Task objective → Reproduce the listing word for word. Skip any image.

Dataset excerpts →
+===+
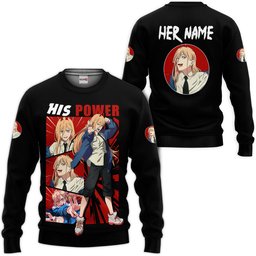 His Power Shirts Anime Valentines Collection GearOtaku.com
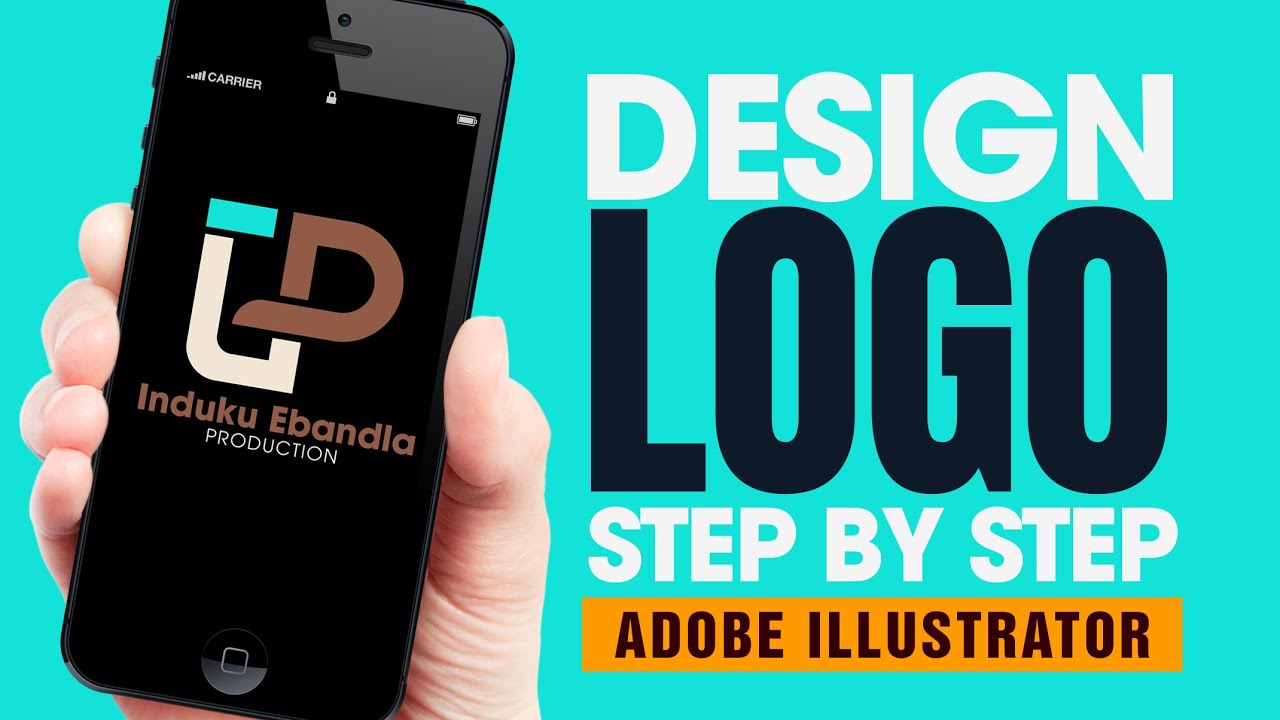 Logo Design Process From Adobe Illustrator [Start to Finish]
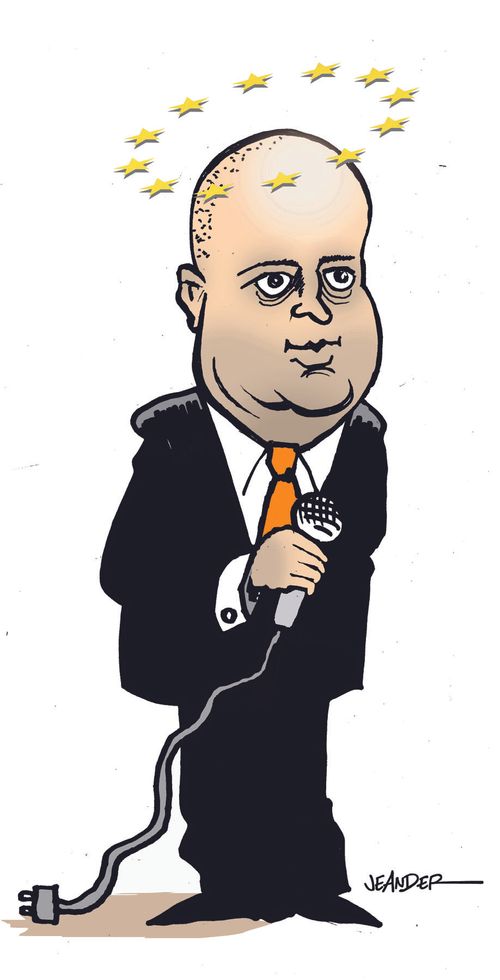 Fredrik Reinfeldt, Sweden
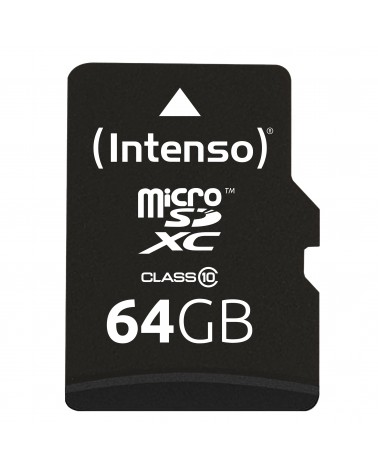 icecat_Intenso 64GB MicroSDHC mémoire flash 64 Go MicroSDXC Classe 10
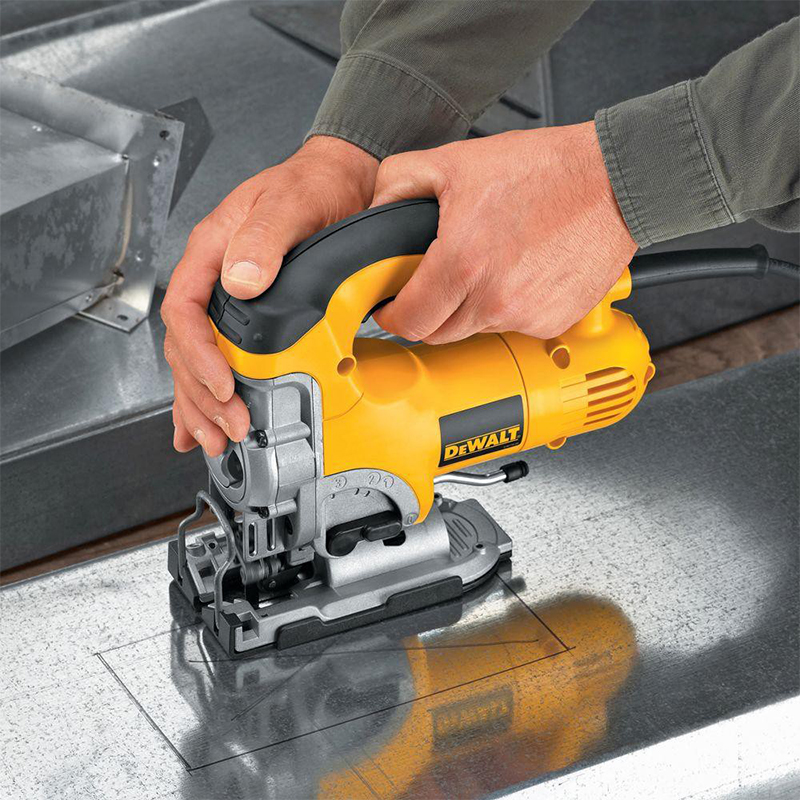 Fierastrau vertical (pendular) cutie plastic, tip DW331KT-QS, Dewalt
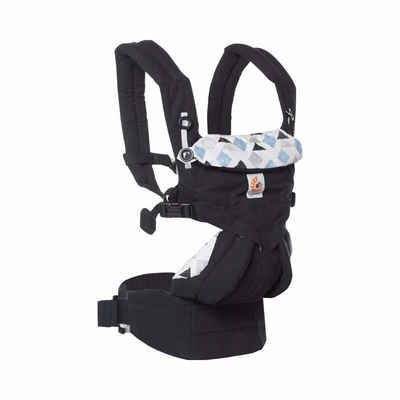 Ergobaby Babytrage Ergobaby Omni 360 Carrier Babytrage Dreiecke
+===+
Response for this exercise →
 His Power Shirts Anime Valentines Collection GearOtaku.com
 Logo Design Process From Adobe Illustrator [Start to Finish]
 Fredrik Reinfeldt, Sweden
 icecat_Intenso 64GB MicroSDHC mémoire flash 64 Go MicroSDXC Classe 10
 Fierastrau vertical (pendular) cutie plastic, tip DW331KT-QS, Dewalt
 Ergobaby Babytrage Ergobaby Omni 360 Carrier Babytrage Dreiecke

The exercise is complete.